Bireuen, 28 Agustus 2025 – RESKRIMPOLDA.NEW
Jaksa Penuntut Umum (JPU) Kejaksaan Negeri Bireuen secara resmi menerima penyerahan tanggung jawab tersangka dan barang bukti (tahap II) dalam perkara tindak pidana peredaran obat-obatan mengandung psikotropika dari Balai Besar Pengawas Obat dan Makanan (BBPOM) Banda Aceh.

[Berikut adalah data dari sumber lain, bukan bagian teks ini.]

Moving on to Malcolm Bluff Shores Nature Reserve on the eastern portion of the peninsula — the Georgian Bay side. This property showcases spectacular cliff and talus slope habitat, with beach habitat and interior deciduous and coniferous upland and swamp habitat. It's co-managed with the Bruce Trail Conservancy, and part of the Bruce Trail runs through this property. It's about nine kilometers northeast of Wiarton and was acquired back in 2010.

Proses serah terima ini berlangsung di Ruang Tahap II Kejari Bireuen dengan tersangka berinisial AP sebagai pihak yang diserahkan.

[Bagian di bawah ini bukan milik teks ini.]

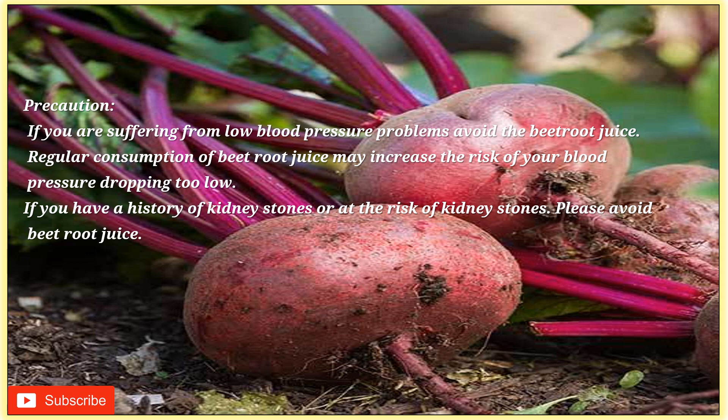Precautions: if you are suffering from low blood pressure problems, avoid beetroot juice, as regular consumption may increase the risk of your blood pressure dropping too low. If you have a history of kidney stones or are at risk of kidney stones, please avoid beetroot juice. Would you like to drink beetroot juice? Let us know in the comment section below. If you like this video, share it with your friends and family. Thanks for watching — see you next time.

Dalam pelimpahan tersebut, turut disertakan barang bukti berupa:
400 (empat ratus) butir Tramadol,
10 (sepuluh) butir Riklona/Clonazepam,
1 (satu) bungkus plastik hitam berisi 40 (empat puluh) butir Tramadol,
13 (tiga belas) tablet Riklona,
1 (satu) butir Thramed,
4 (empat) butir Trihexyphenidil,
4 (empat) butir Dumolid,
4 (empat) butir Eurofiss,
6 (enam) butir Alprazolam Kimia Farma,
16 (enam belas) butir Alprazolam Otto Pharmaceutical,
5 (lima) butir Alprazolam Mersi,
6 (enam) butir Alprazolam OGB Dexa,
9 (sembilan) butir Atarax,
1 (satu) lembar strip kosong Alprazolam,
2 (dua) buku catatan penjualan obat, serta
1 (satu) unit telepon genggam merek iPhone 15.
Berdasarkan hasil penyidikan, tersangka AP diduga kuat telah melakukan tindak pidana melanggar Pasal 436 Undang-Undang Nomor 17 Tahun 2023 tentang Kesehatan dan Pasal 62 Undang-Undang Nomor 5 Tahun 1997 tentang Psikotropika.
Usai proses administrasi tahap II selesai, JPU Kejari Bireuen langsung melakukan penahanan terhadap tersangka AP dan menitipkannya ke Lembaga Pemasyarakatan Kelas II/B Bireuen guna kepentingan proses hukum lebih lanjut.